Supplied information
┄┄┄┄┄┄┄┄┄┄

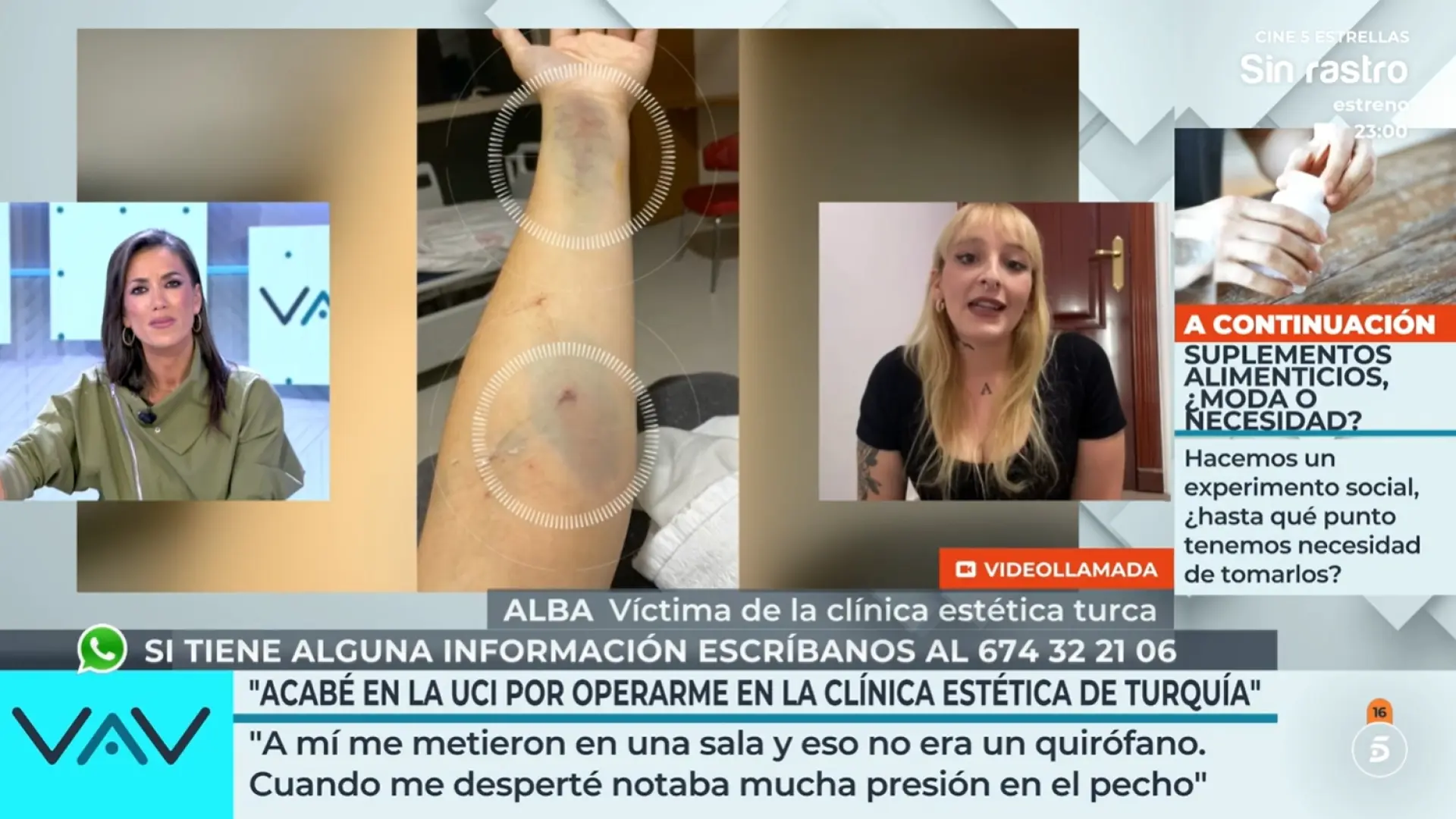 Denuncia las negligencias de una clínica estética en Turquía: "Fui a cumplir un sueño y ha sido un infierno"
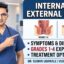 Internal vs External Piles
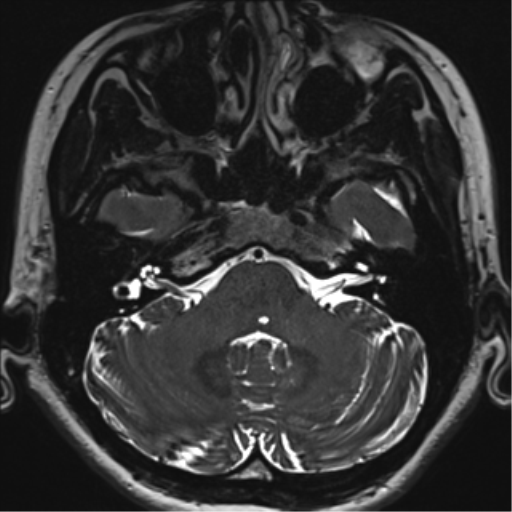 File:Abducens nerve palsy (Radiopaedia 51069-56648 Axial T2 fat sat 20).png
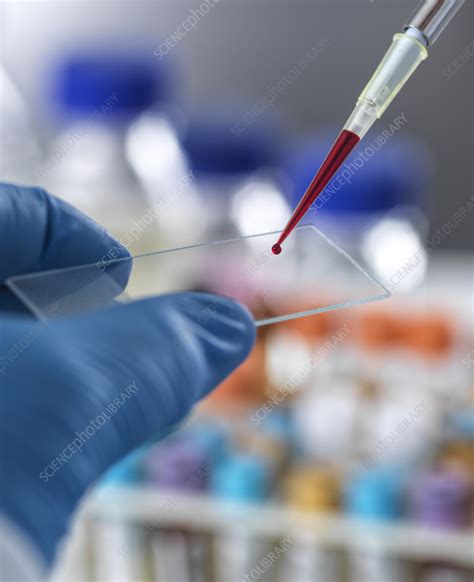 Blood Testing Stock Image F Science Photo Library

┄┄┄┄┄┄┄┄┄┄

What to do
Each line from the line containing "Internal vs External Piles" through the last line above must be written out exactly, and every picture must be omitted.

Written solution
 Internal vs External Piles
 File:Abducens nerve palsy (Radiopaedia 51069-56648 Axial T2 fat sat 20).png
 Blood Testing Stock Image F Science Photo Library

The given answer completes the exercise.